At the end of the first day of lessons, Claire said, "Thanks, mom; I am so glad I had on my helmet because I wiped out so bad and hit my head so hard I would have been knocked out!" Max proceeded to tell me how bad and how often Claire wiped out. Undaunted by a day full of wipeouts, they then informed me they didn't want to ski with me on the third day because "my skiing stinks." Realizing they wouldn't have fun on the "easy" slopes, I agreed and arranged for a private instructor take them skiing the last day.
The next day, I went up on the mountain with the kids and their instructor. When they hit the ski lifts, I parked myself, with book, at the lodge. We later met for lunch, and the kids and instructor were off again.

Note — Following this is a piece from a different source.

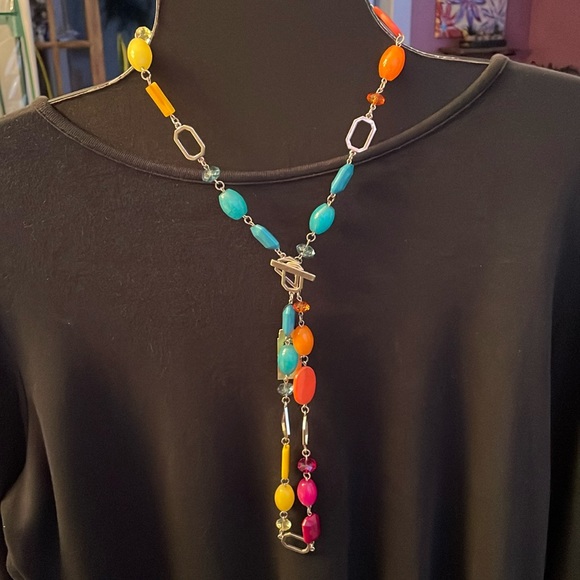NWT TrueColors necklace that can be worn long, short, Doubled up, see photos - Picture 6 of 9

Not long after, I heard my son screaming, "Mom! Mom! Claire got ran over!" I looked up and saw a very animated ski instructor coming toward me with Claire in tow. The instructor was explaining in a mixture of English and German that she did not pursue the two skiers who did this because she was concerned with Claire's condition. After I verified both my children were OK, I listened to the rest of the story. An out-of-control skier hit and knocked Claire to the ground. His buddy, whom was also out of control, ran over Claire's head with his skis. Claire did not get up and laid on the ground until the ski instructor came to her. Claire's ski helmet had a huge two-and-half-inch-wide gouge running from the back to the front-right temple. The two thugs who ran Claire over stopped, looked at her on the ground and then took off.
The most effective way to prevent any ski injury is to know the rules of the slopes, take lessons and ski within your abilities. If you ski, chances are you will collide with another skier, snowboarder or some stationary object (maybe a tree or pole). Why wouldn't you wear a helmet? I am 100 percent positive Claire would have been dead or permanently brain damaged had she not been wearing a ski helmet that day.